The Happy Paris had originally been a tearoom. Harry had transformed it with saloon tables, a bar stocked with Scotch instead of sake and a red neon sign of the Eiffel Tower that sizzled over the door. Half the clientele were foreign correspondents who had been blithely assigned by the AP, UPI or Reuters without a word of Japanese. Some were mere children sent directly from the Missouri School of Journalism. Harry took mercy on them as if he were their pastor and they were his flock, translating for them the gospel of Domei, the Japanese news agency. The other regulars were Japanese reporters, who parked motorcycles outside the club for a quick getaway in case war broke out, and Japanese businessmen who had traveled the world, liked American music and knew one Dorsey brother from the other. The closer war seemed, the more people packed the Happy Paris and all of Tokyo's bars and theaters, peep shows and brothels.
They didn't come for geishas. Geishas were a luxury reserved for financial big shots and the military elite. But if it was a rare man who could afford a geisha, a couple of yen could buy even a poor man the attentions of a café waitress. Waitresses came in all varieties, sweet or acid, shy or sharp, wrapped in kimonos or little more than a skirt and garter.

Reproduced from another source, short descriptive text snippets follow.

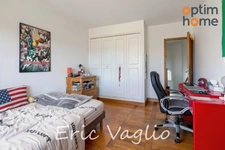 Bouc Bel Air (Aix à 10 mn) - Vente Belle Villa T5 de 269 M2, sur un terrain clos et arboré de 1257 M2 avec piscine, proche IBS, commerces et transports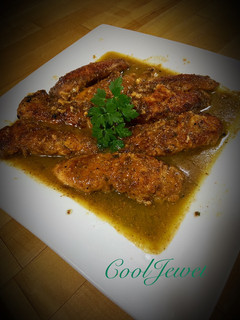 A picture of Maryann’s Chicken in Wine-Butter Sauce.
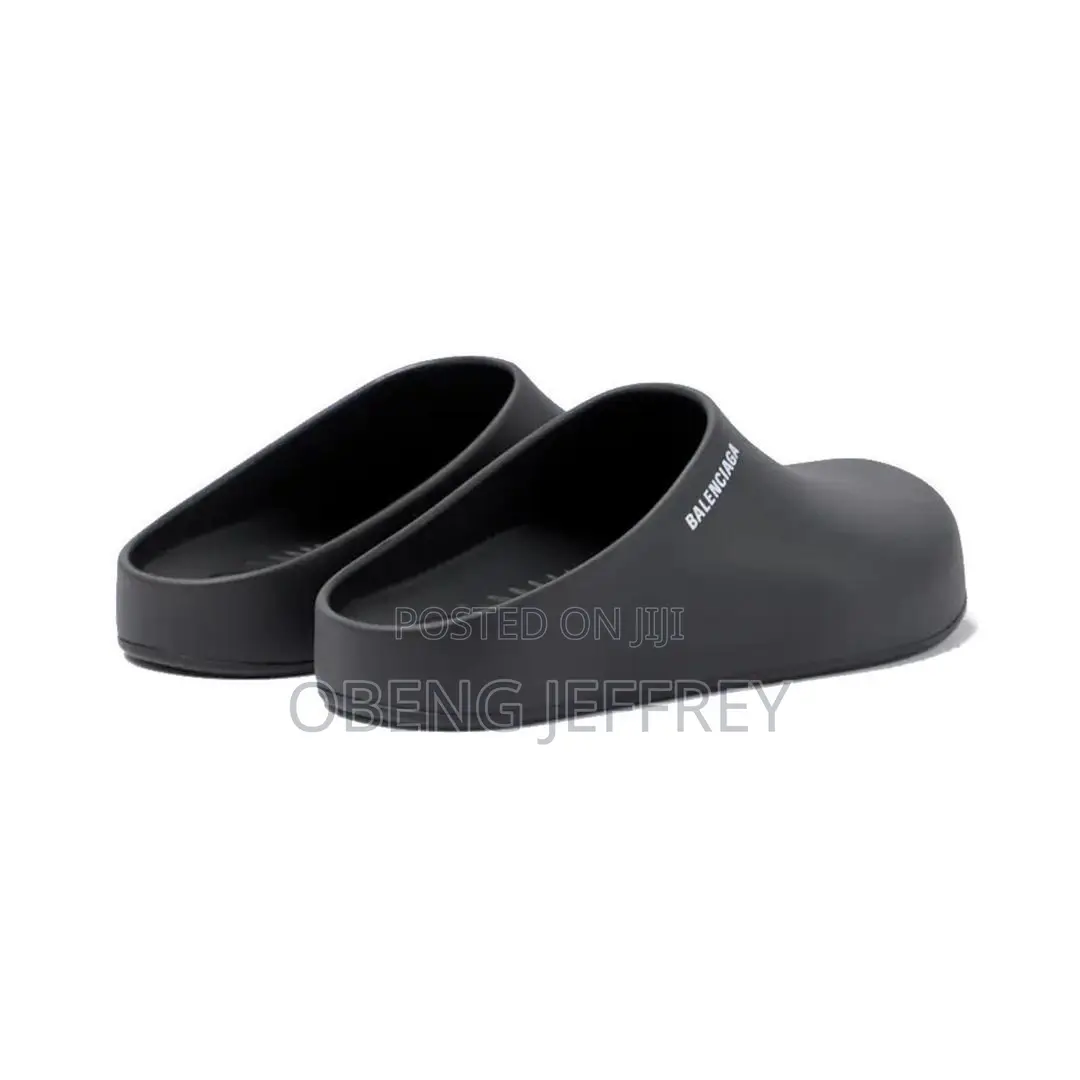 Original Balenciaga Pool Closed Slide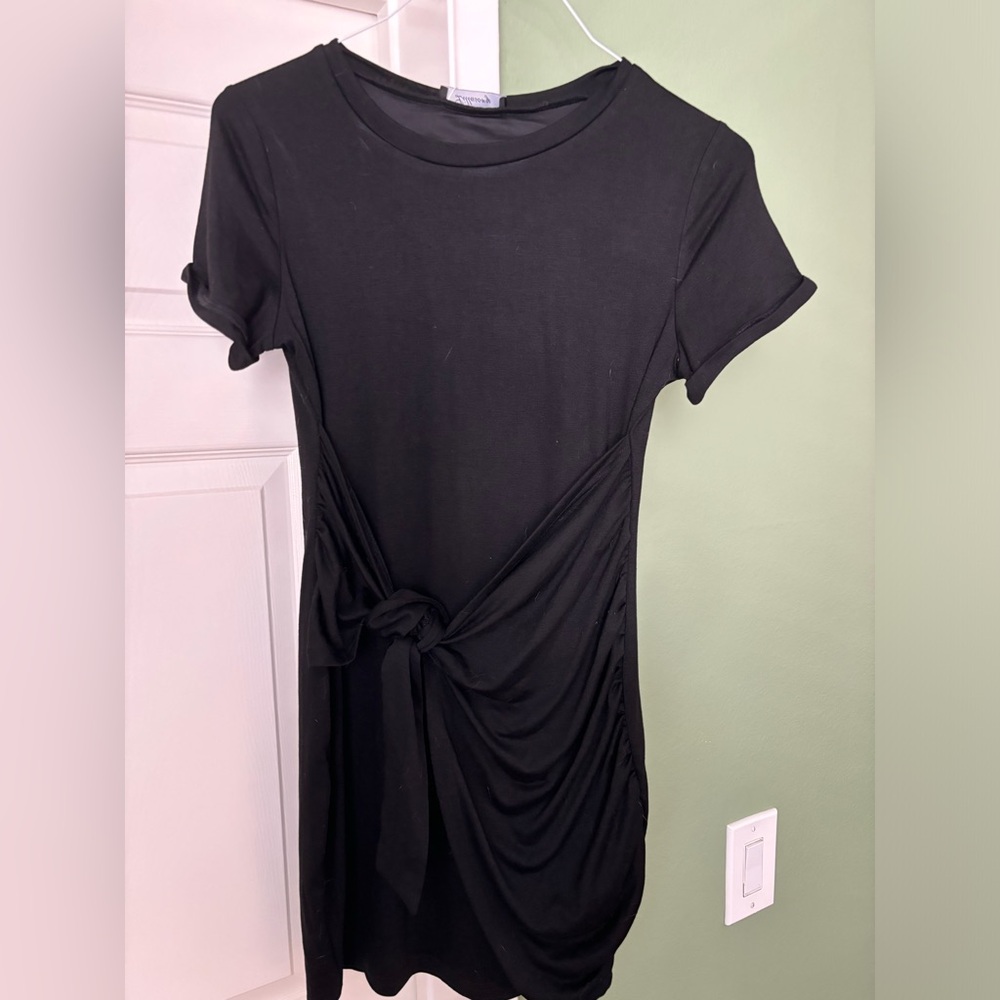 NEW never worn black dress. Size S. Ruched tie waist summer dress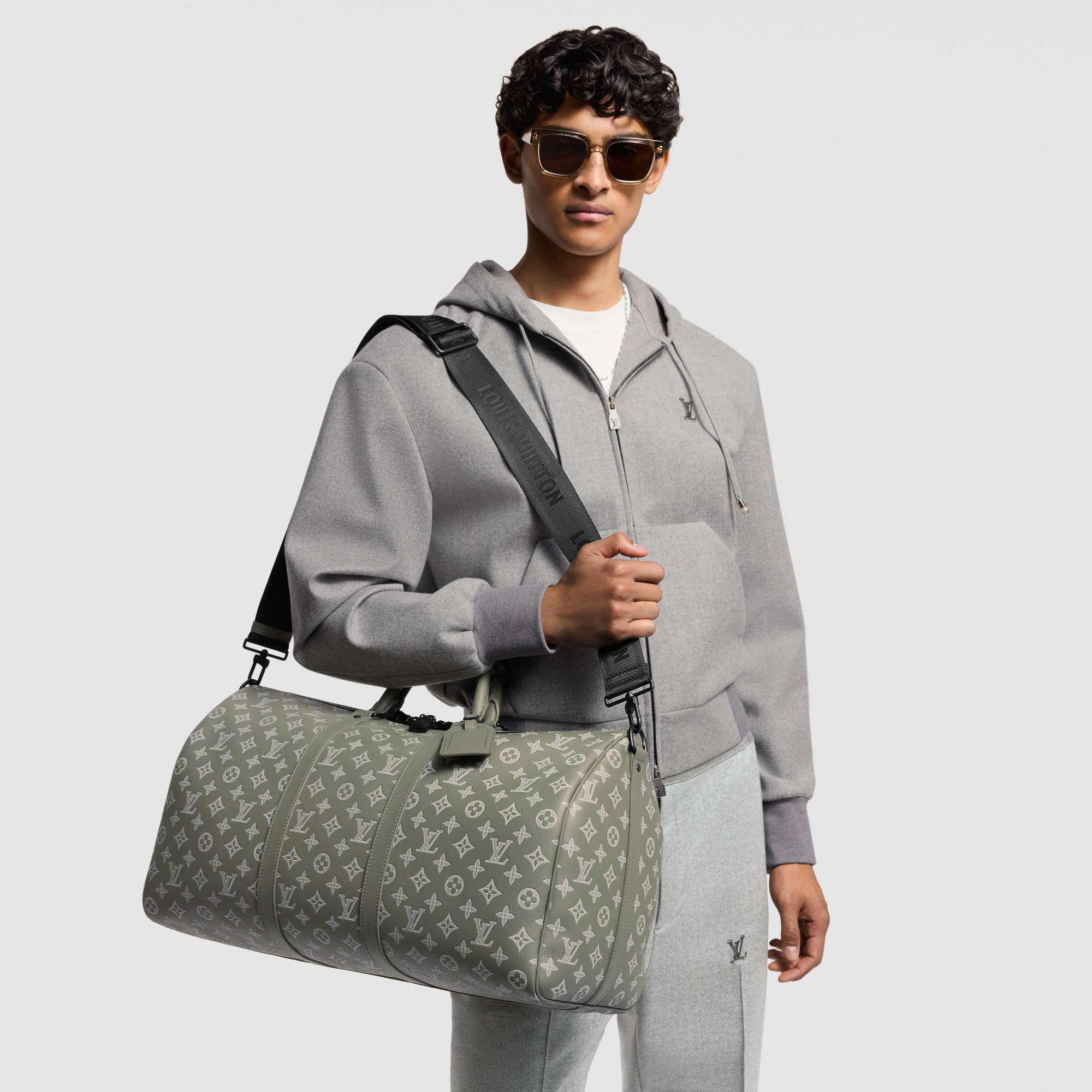 Túi Keepall Bandoulière 50 Monogram Shadow Leather in Đồ Nam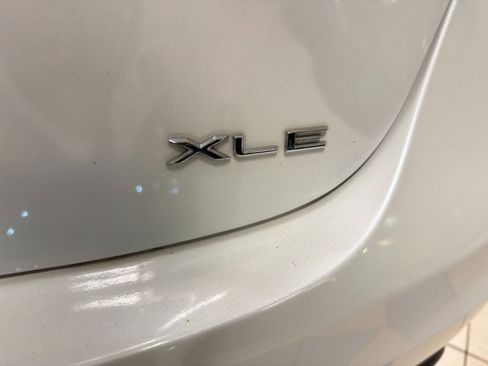 Used 2015 Toyota Avalon XLE image 62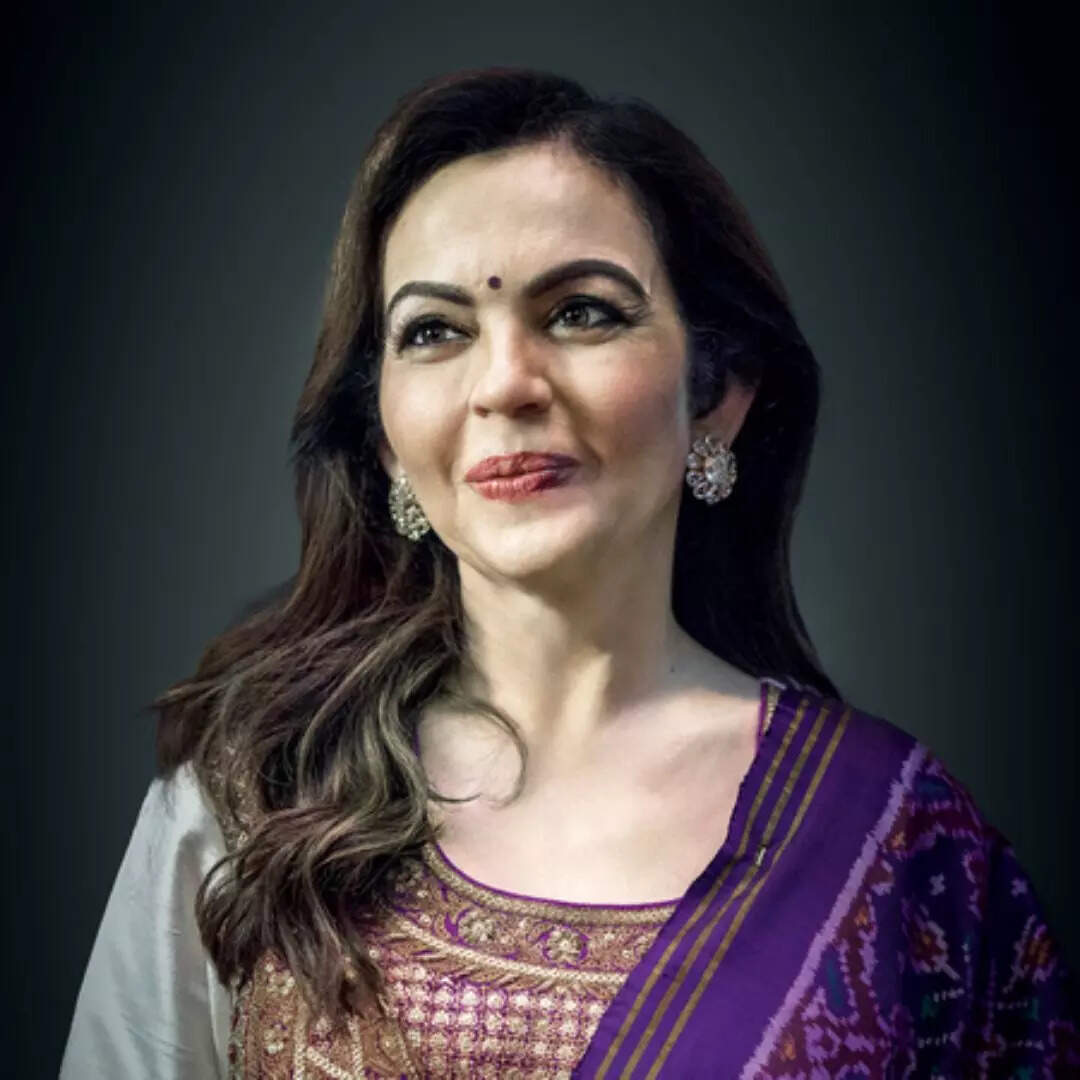 नीता अंबानी की पानी की बोतल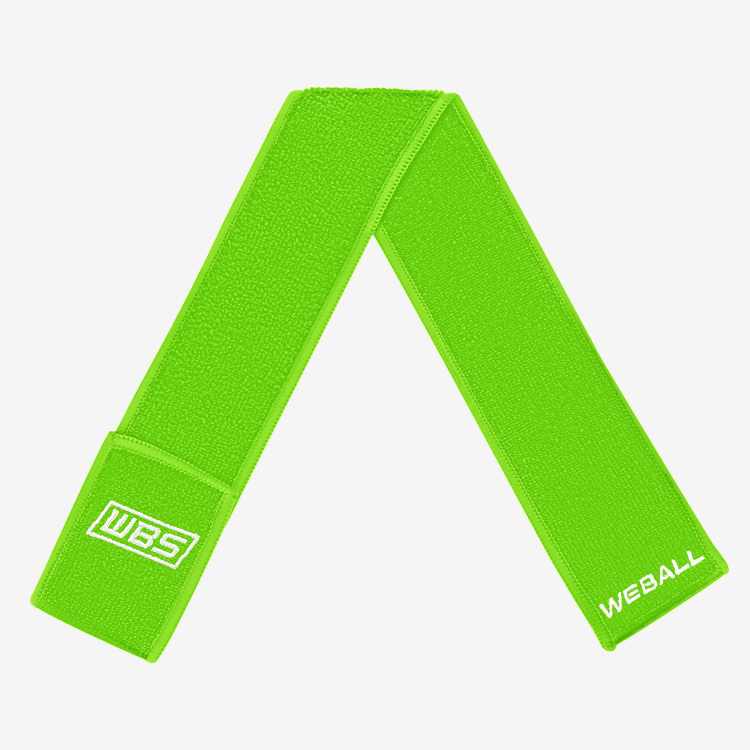 FOOTBALL STREAMER TOWEL™ (SEATTLE GREEN) - We Ball Sports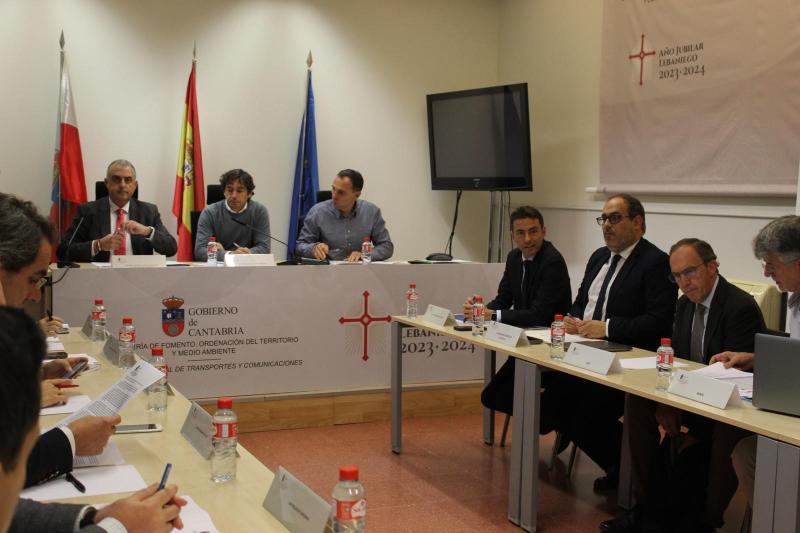 Casares reivindica “el antes y el después” del ferrocarril en Cantabria con este Gobierno de España Casares reivindica “el antes y el después” del ferrocarril en Cantabria con este Gobierno de España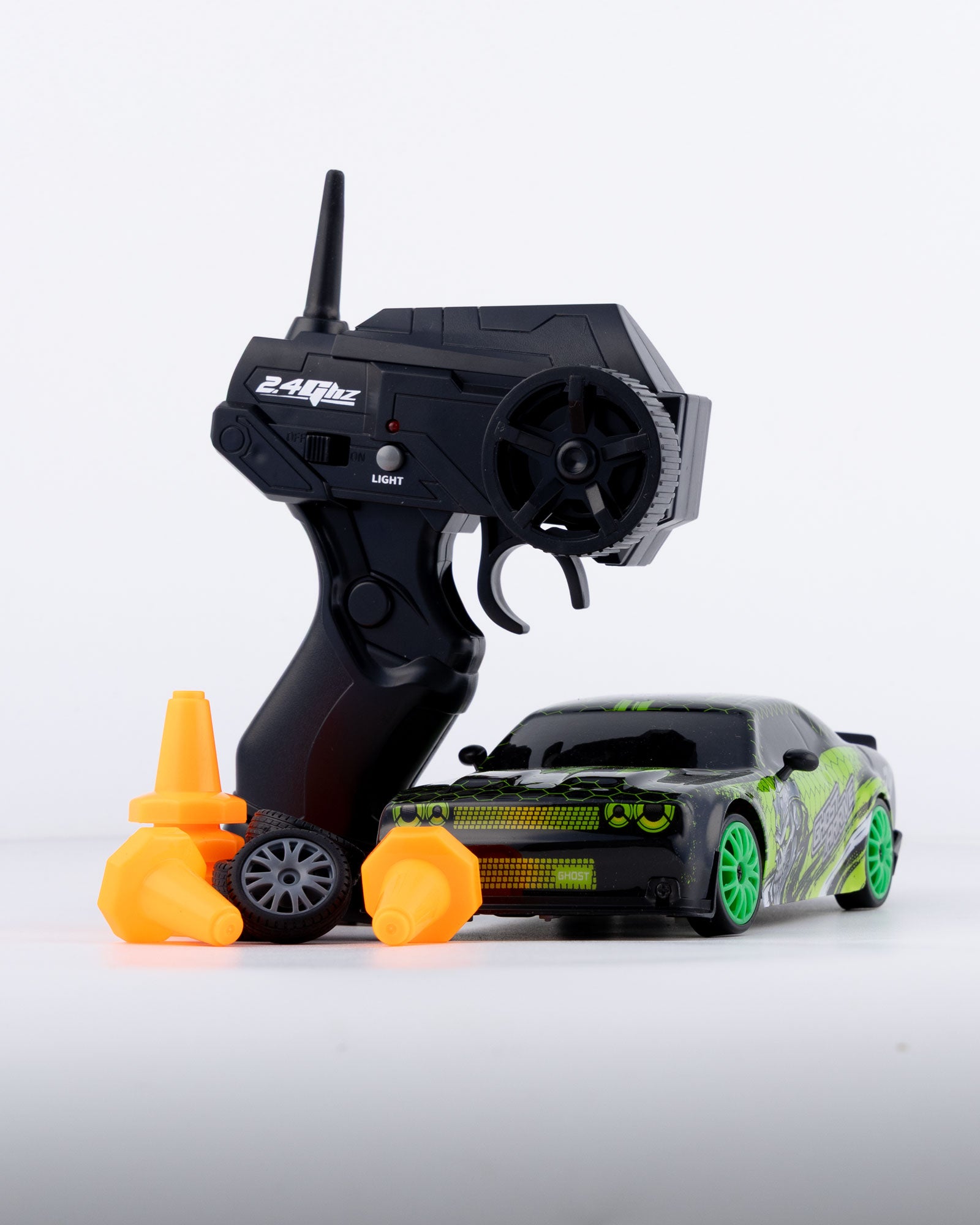 Ghost Arrive Green Edition with Remote & Accessories Car 1:24 Scale - Ignition Prime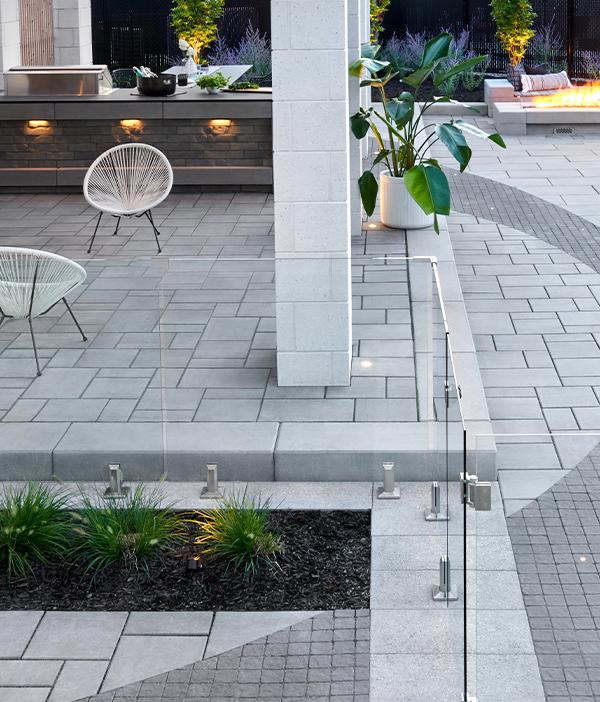 Techo bloc by style patio trasero losas exóticas adoquines curva gris negro 3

Many came for Michiko. Michiko was the Record Girl for the Happy Paris. Her task was simply to stand in a sequined jacket by a Capehart jukebox as tall as she was and, at her own mysterious whim, push the buttons for music -- "Begin the Beguine" followed by Basie followed by Peggy Lee. Seventy-eights changed in slow motion from tone arm to turntable under an illuminated canopy of milk-blue glass, and dropped down the spindle with an audible sigh. Michiko did virtually nothing. The waitresses, Kimi and Haruko, circulated in short tricolor skirts. Haruko patterned herself from her hair to her toes on Michiko, but her legs were sausages in contrast to Michiko's in their silky hose. While Haruko and Kimi had actually been geishas and could simper and giggle with the best, Michiko cut customers dead. She played only records of her choice, a balance of swing and blues, closing her eyes and swaying so subtly to a song that she sometimes seemed asleep. The year before, there had been a fan magazine devoted to her -- "The Sultry Queen of Jazz: Her Music, Her Hobbies, Her Weaknesses!" -- totally fabricated, of course, with some snapshots. What made Michiko stand out most, Harry thought, was that even in the middle of a crowded club, with a dozen tables and booths full of voices, food and drinks shuttling back and forth on trays, she could have been alone. Michiko maintained a lack of self-consciousness that, added to a complete lack of morality, lent her a feline independence. She replaced "My Heart Stood Still" with "Any Old Time," Shaw's clarinet made lush with a saxophone reed.